Data Visualization for Social Science Reflection

The introductory chapter of Data Visualization for Social Science by Kieran Healy highlights visual, statistical and physiological elements that affect poor form in data visualization. Healy defines these three pillars as aesthetic, substantive and perceptual, and “…while often found together, [they] are distinct from one another” (Healy, 2018).  Aesthetic missteps are frequently correlated to poor taste or visual complexity.

Substantive elements reflect how the data is presented. Cherry picking through the data or shifting the axis starting point can lead to misrepresenting the information. Healy builds a case study off of the infographic in the 2016 article by The New York Times, How Stable Are Democracies? ‘Warning Signs Are Flashing Red’”. What I found fascinating about the case study was that the infographic seems to represent if the respondents believe democracy is important (a Yes or No question), while the survey question was actually based off of a 10-point scale.
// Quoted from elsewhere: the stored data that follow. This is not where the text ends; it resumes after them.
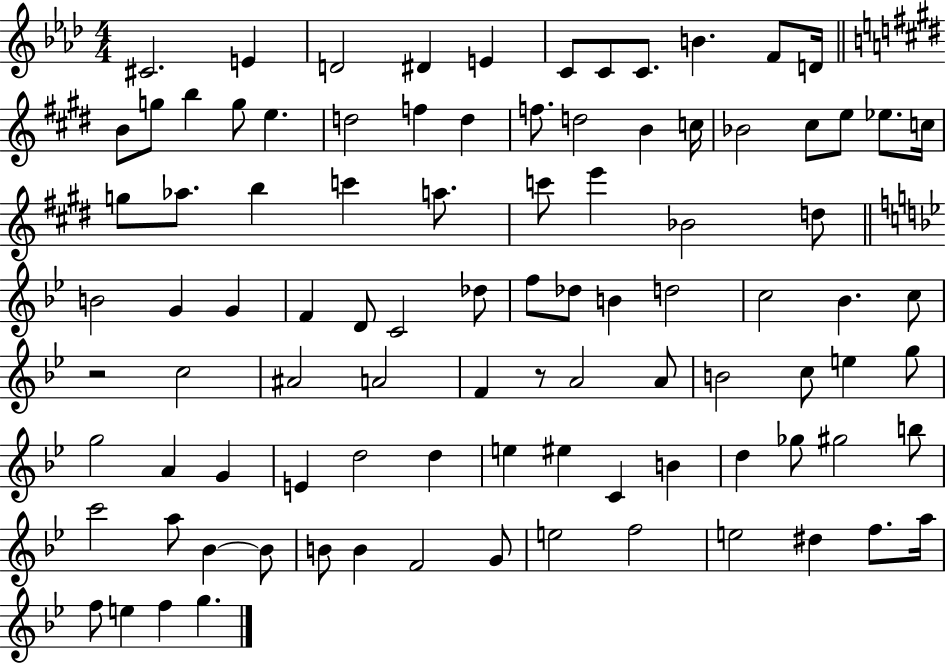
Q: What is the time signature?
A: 4/4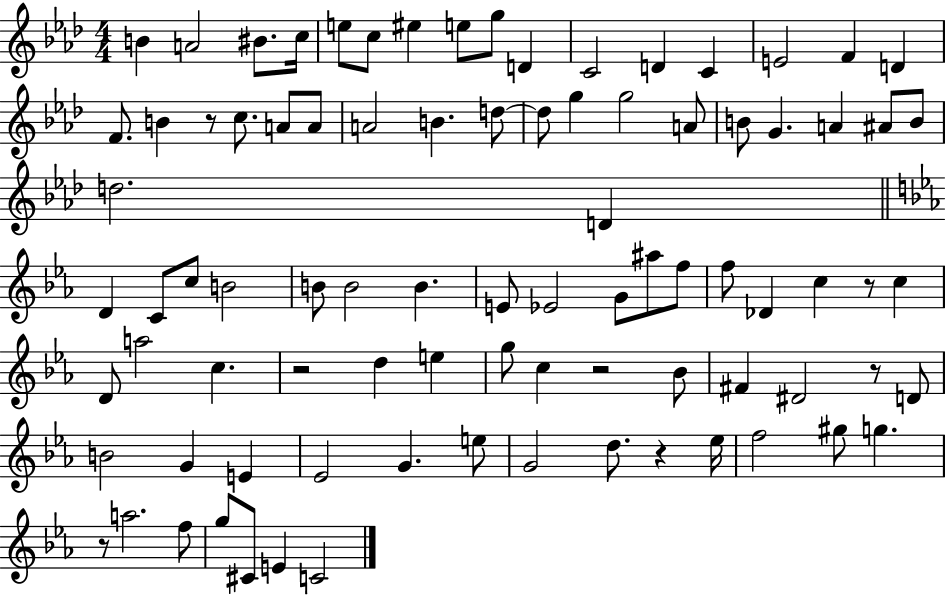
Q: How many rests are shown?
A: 7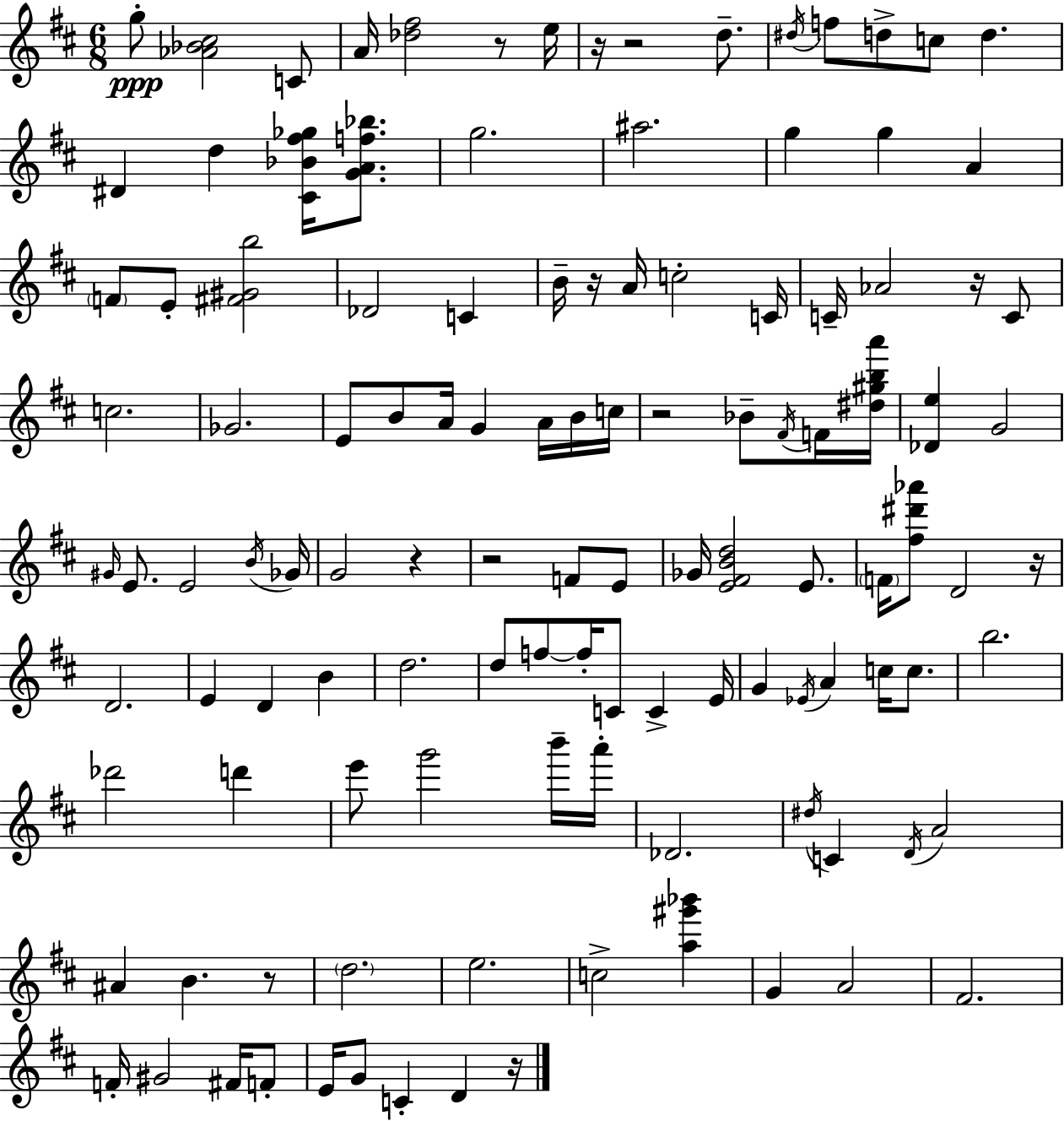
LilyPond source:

{
  \clef treble
  \numericTimeSignature
  \time 6/8
  \key d \major
  g''8-.\ppp <aes' bes' cis''>2 c'8 | a'16 <des'' fis''>2 r8 e''16 | r16 r2 d''8.-- | \acciaccatura { dis''16 } f''8 d''8-> c''8 d''4. | \break dis'4 d''4 <cis' bes' fis'' ges''>16 <g' a' f'' bes''>8. | g''2. | ais''2. | g''4 g''4 a'4 | \break \parenthesize f'8 e'8-. <fis' gis' b''>2 | des'2 c'4 | b'16-- r16 a'16 c''2-. | c'16 c'16-- aes'2 r16 c'8 | \break c''2. | ges'2. | e'8 b'8 a'16 g'4 a'16 b'16 | c''16 r2 bes'8-- \acciaccatura { fis'16 } | \break f'16 <dis'' gis'' b'' a'''>16 <des' e''>4 g'2 | \grace { gis'16 } e'8. e'2 | \acciaccatura { b'16 } ges'16 g'2 | r4 r2 | \break f'8 e'8 ges'16 <e' fis' b' d''>2 | e'8. \parenthesize f'16 <fis'' dis''' aes'''>8 d'2 | r16 d'2. | e'4 d'4 | \break b'4 d''2. | d''8 f''8~~ f''16-. c'8 c'4-> | e'16 g'4 \acciaccatura { ees'16 } a'4 | c''16 c''8. b''2. | \break des'''2 | d'''4 e'''8 g'''2 | b'''16-- a'''16-. des'2. | \acciaccatura { dis''16 } c'4 \acciaccatura { d'16 } a'2 | \break ais'4 b'4. | r8 \parenthesize d''2. | e''2. | c''2-> | \break <a'' gis''' bes'''>4 g'4 a'2 | fis'2. | f'16-. gis'2 | fis'16 f'8-. e'16 g'8 c'4-. | \break d'4 r16 \bar "|."
}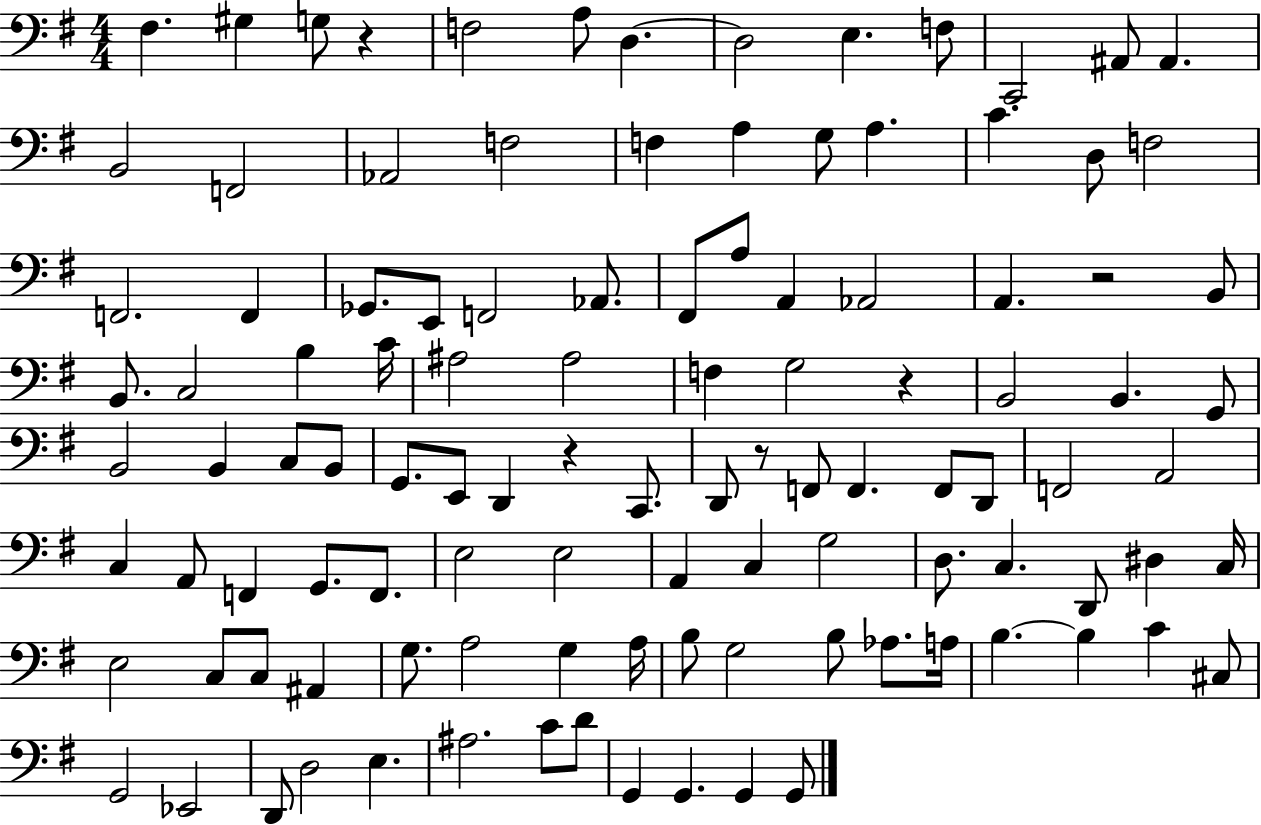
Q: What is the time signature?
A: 4/4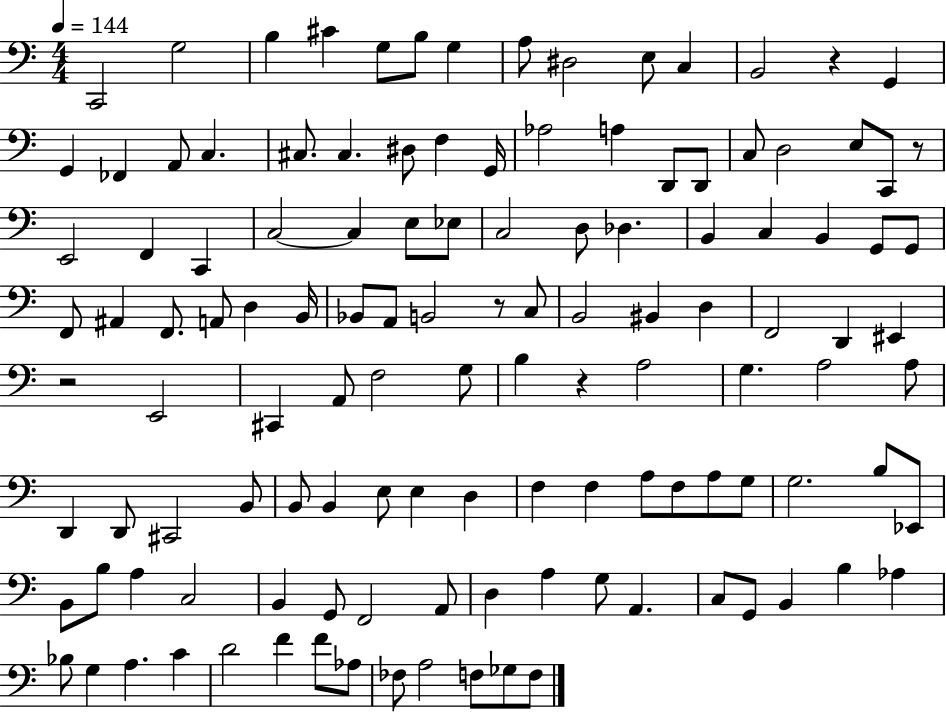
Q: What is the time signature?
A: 4/4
The shortened axis dramatized the information and is a misleading representation of the data.

Perceptual elements relate to how a viewer processes and recognizes what they are looking at. Healy writes, “perception is not a simple matter of direct visual inputs producing straightforward mental representations of their content. Rather, our visual system is tuned to accomplish some tasks very well, and this comes at a cost in other ways” (Healy, 2018).

I agreed with Healy’s theory on aesthetic and substantive poor form in data visualization, but I found the perceptual elements challenging to grasp as many of them are beyond our conscious control. I would be curious to see how other classmates understood the perceptual elements and what are best practices to make data visualizations that limit perceptual missteps?